Fix Recommendation: Use a proper HTML parsing library for sanitization rather than regex or string matching. DOMPurify is the standard. Additionally: implement Content Security Policy headers to limit script execution sources as a defense-in-depth measure.


Their Response

The engineering team was professional about it. Slightly embarrassed, but professional.

They were using a home-rolled sanitizer — some custom regex thing written years ago by someone who presumably no longer worked there. It had been flagged internally as a “known limitation” but never prioritized.

Now it was prioritized.

They replaced it with DOMPurify within forty-eight hours and added a CSP header that would have blocked the payload execution even if the sanitizer missed it. Two layers. Good instinct.

They also sent a very apologetic internal message to the security team about the eleven-day oversight, which I was not supposed to see but was CC’d on by accident.
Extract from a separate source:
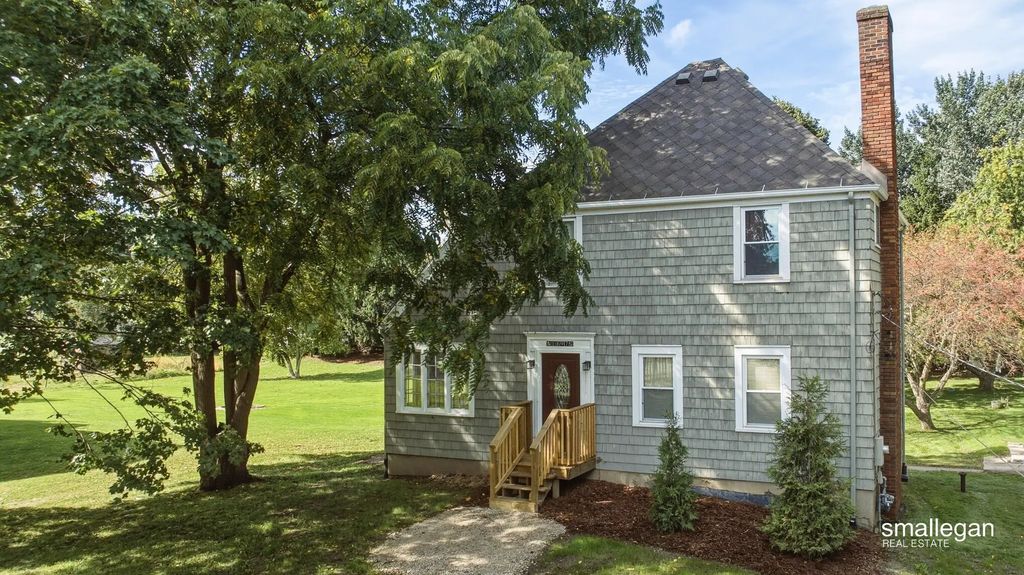 1897 Manning Avenue, Grand Rapids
That email was funnier than anything I could write here.

Bounty: $$$$


What Actually Went Wrong (A Technical Post-Mortem)

The sanitizer was checking patterns, not meaning.

A proper HTML sanitizer doesn’t look for <script> and block it. It parses the HTML into a DOM tree, walks the tree, and removes anything that isn’t on an explicit allowlist. Attributes, tags, values — all checked against what’s permitted.

Pattern matching is playing whack-a-mole. The attacker always has more encoding tricks than the pattern has cases.

There was no CSP.

A Content Security Policy header is not a replacement for proper sanitization, but it is an excellent backup. A CSP that disallows inline scripts and restricts script sources would have made this payload fail silently even if it got through the sanitizer.

Defense in depth exists for exactly this scenario.

The malicious content wasn’t removed after the report.

This one’s just process. When you get a stored XSS report, the first thing you do is remove the malicious content. Before you even start fixing the underlying issue. The payload should have been deleted within hours of the report, not days.


A Note on Impact Claims in Reports

One thing I’ve learned: when writing XSS reports, be specific about the realistic impact, not the theoretical maximum.

Saying “attacker could take over all admin accounts and delete all user data” is technically true but reads as panic. It makes triage teams defensive.

Instead: “attacker can capture admin session tokens via a one-line JavaScript fetch, enabling impersonation of any admin who views the ticket queue.”

Same impact. More precise. More credible. Gets triaged faster.


Closing Thought

Stored XSS in an admin panel is one of those vulnerabilities that security textbooks treat as serious but that developers sometimes dismiss as “theoretical.”

This one ran silently in production for eleven days. On real admin sessions. With full capability to hijack any of them.

Nothing theoretical about it.

The only reason it wasn’t catastrophic is because the person who found it wrote alert(document.domain) instead of something worse.

That’s not a security strategy. That’s luck.


Reported through the official bug bounty program. The proof-of-concept payload used was alert(document.domain) only. No admin sessions were accessed, no cookies were captured, no data was exfiltrated. The malicious ticket was removed by the program team after follow-up. Domain redacted per responsible disclosure norms.